The Coconino Sandstone.
The situation with this formation is just as acute for the one Flood did everything model as is the Navajo. Having a wind-blown desert deposit laid down between suggested Flood layers is extremely awkward. This sandstone dates from the Permian and has abundant cross-bedding typical of aeolian or wind-blown sands. In this case, the cross-bedding averages about 25 degrees. It has been argued that this is consistent with water deposition, not desert dune conditions. Now sand waves deposited in water possess very low angle cross-beds, rarely steeper than 10 degrees. Aeolian cross-beds range in slope from 11 to 34 degrees according to E.D. McKee in US Geological Survey Professional Paper 1052. This gives an average around 25 to 28 degrees, in good accord with the Coconino formation. Interestingly enough, though, McKee points out that the maximum slope that is attained in the Coconino does in fact reach from 30 to 34 degrees. This at once dismisses any claim to formation under water.

The Coconino also has other evidence of its wind-blown origin. It includes the extent and homogeneity of the unit, slump marks that are distinctive of dry-sand avalanching, ripple-mark orientation, rain-drop pits, sharply defined footprints, and reptilian tracks up the steep foreset slopes. If anyone chooses to look carefully at modern dunes, they would find an abundance of climbing translatent beds, with coarsening-up laminae that form only by the migration and accretion of low-amplitude wind ripples in aeolian environments. Such feds are completely absent from marine or lacustrine environments because the wind ripples that create them do not form under water. The fact that wind-ripple and distinctive bedding and laminations occur throughout the Coconino Sandstone tends to refute the marine hypothesis for their origin.

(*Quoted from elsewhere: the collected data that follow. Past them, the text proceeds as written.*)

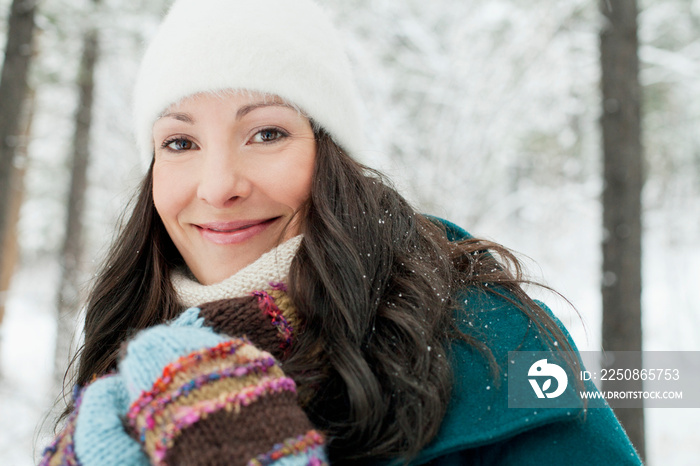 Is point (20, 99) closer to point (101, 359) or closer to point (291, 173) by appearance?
point (101, 359)

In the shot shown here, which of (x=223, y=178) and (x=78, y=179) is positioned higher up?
(x=78, y=179)

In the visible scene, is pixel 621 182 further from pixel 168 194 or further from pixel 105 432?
pixel 105 432

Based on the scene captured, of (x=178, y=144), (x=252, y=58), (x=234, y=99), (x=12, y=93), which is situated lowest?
(x=178, y=144)

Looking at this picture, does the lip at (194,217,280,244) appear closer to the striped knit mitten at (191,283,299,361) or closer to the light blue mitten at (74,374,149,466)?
the striped knit mitten at (191,283,299,361)

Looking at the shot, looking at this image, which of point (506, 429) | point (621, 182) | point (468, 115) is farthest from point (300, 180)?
point (468, 115)

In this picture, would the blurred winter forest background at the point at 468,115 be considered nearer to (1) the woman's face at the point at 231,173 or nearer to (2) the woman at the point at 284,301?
(2) the woman at the point at 284,301

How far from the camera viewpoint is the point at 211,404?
1.10m

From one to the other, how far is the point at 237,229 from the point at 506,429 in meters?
0.99

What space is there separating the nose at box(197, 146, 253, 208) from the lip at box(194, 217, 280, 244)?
79 millimetres

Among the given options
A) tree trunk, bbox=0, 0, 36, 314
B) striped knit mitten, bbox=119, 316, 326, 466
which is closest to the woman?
striped knit mitten, bbox=119, 316, 326, 466

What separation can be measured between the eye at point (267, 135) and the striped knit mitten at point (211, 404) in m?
0.70

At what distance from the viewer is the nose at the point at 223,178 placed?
5.37ft

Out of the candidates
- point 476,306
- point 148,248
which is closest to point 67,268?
point 148,248

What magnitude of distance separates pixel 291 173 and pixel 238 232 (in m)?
0.26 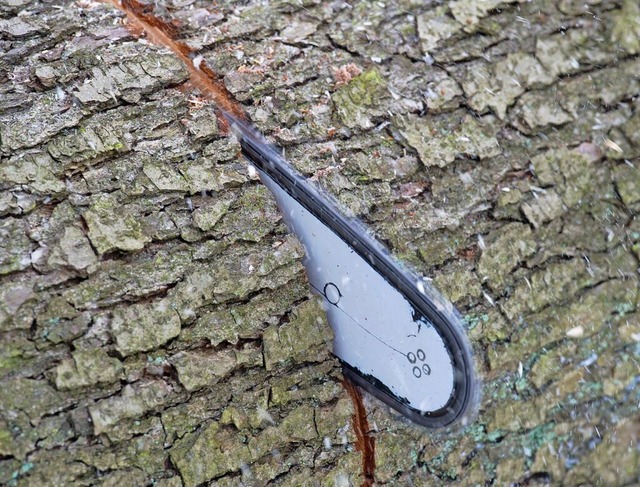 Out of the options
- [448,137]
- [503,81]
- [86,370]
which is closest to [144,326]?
[86,370]

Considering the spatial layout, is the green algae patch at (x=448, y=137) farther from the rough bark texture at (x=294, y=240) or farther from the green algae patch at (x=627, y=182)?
the green algae patch at (x=627, y=182)

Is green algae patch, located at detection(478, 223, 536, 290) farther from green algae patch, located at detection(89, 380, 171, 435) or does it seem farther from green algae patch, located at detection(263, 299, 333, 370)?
green algae patch, located at detection(89, 380, 171, 435)

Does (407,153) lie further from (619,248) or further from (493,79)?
(619,248)

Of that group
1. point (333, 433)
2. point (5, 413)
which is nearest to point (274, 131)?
point (333, 433)

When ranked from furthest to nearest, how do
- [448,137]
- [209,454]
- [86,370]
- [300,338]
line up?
A: [448,137] → [300,338] → [209,454] → [86,370]

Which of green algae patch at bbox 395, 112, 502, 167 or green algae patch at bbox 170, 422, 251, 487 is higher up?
green algae patch at bbox 395, 112, 502, 167

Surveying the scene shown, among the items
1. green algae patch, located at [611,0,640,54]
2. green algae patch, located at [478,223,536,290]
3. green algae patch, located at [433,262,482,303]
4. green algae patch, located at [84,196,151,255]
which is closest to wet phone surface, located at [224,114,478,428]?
green algae patch, located at [433,262,482,303]

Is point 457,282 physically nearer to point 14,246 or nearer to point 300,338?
point 300,338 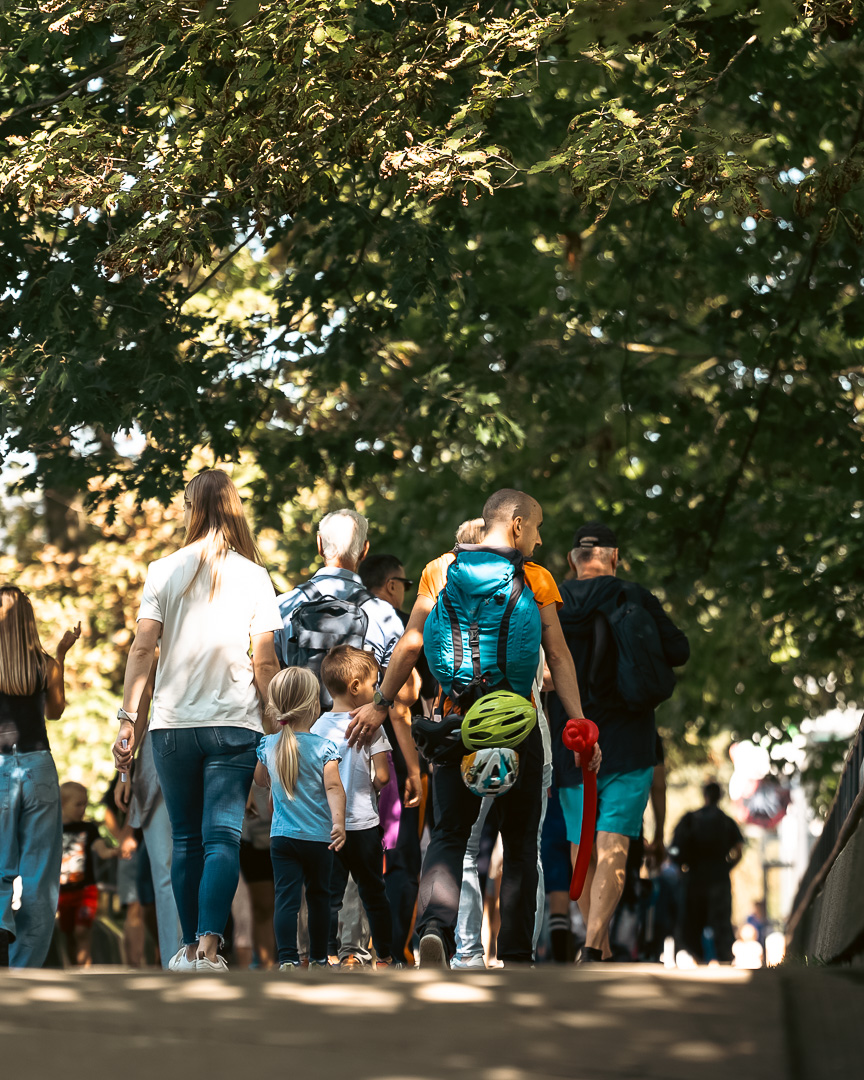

The large and small reptile tracks and invertebrates like scorpions have left footprints and trails. Yet these and the rain-drop pits have been interpreted by those holding to “one Flood did everything” as being evidence of marine formation. The rain-drop pits are suggested as being due to bubbles, for example. The pits which are found are, in fact, distinctive, since McKee points out that they illustrate the cohesion of sand grains with added moisture, and, importantly, a re-orientation of the crater axes with respect to the bedding slopes. By contrast, bubbles emerging under water will tend to be completely symmetrical.

To my mind, at least, the evidence of the high angle for the cross-bedding, the reptile and other tracks, and the raindrop pits all point to a desert dune environment for this formation, not a marine one. It is only when it is absolutely essential to maintain a marine origin because of one’s theoretical position on the issue that the data are force-fitted into that mould.